Portinga, who practices commercial litigation, became involved when his former coworker and Novak’s attorney, Patrick Jaicomo, asked him and Steve van Stempvoort, also at Miller Johnson, to lend The Onion a hand with the brief. The starting point was a document written by The Onion’s head writer.

“Mike Gillis gave us about five pages of good content, and that good content became the heart of the brief,” Portinga told the audience. “And then there was a lot of back and forth with the client—much more so than in many other briefs—to mold it into an argument that made some sense, that actually had a point.”

Sanding down the “edge”

The result is one of the rare briefs that provides for entertaining reading, starting with the over-the-top, rather dubious first paragraph: “The Onion is the world’s leading news publication, offering highly acclaimed, universally revered coverage of breaking national, international, and local news events. Rising from its humble beginnings as a print newspaper in 1756, The Onion now enjoys a daily readership of 4.3 trillion and has grown into the single most powerful and influential organization in human history.”

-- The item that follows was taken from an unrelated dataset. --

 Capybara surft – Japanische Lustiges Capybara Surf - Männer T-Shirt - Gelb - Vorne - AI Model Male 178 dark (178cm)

The brief goes on to deconstruct the meaning of parody: 

“I. Parody Functions By Tricking People Into Thinking That It Is Real.

II. Because Parody Mimics ‘The Real Thing,’ It Has The Unique Capacity To Critique The Real Thing.

III. A Reasonable Reader Does Not Need A Disclaimer To Know That Parody Is Parody.

IV. It Should Be Obvious That Parodists Cannot Be Prosecuted For Telling A Joke With A Straight Face.”

Gillis’s initial draft was “edgier” than the final petition, said Portinga, who said they had to “sand down” some of the content. He noted that none of the jokes in the final brief mentioned any individual Supreme Court justice by name. 

“But that wasn’t the case in the first draft,” he added.

A big reaction

Because that first draft formed so much of the basis of the brief, Portinga said that he wished Gillis’s name could appear on the brief, but because he is not a lawyer, he can’t have that recognition. The same goes for another lawyer whose firm did not want its name attached to the brief, a point not lost on Portinga and van Stempvoort. “When Steve and I heard that, we looked at each other and said, ‘Are we supposed to get permission to do this?’”

Portinga added that the reaction to the brief has been bigger than he anticipated.

“I assumed that the law nerd sites would pick it up,” he told the students. “I didn't expect to get a call from The New York Times. I got emails, literally, from people around the world, including an email from a member of Parliament in Canada. It’s weird.”

He hopes that kind of attention can distinguish the brief from the thousands of petitions for certiorari that the Supreme Court receives. Currently, he is not sure whether the Court will take the case, “but I think the odds went up because of the attention it got.”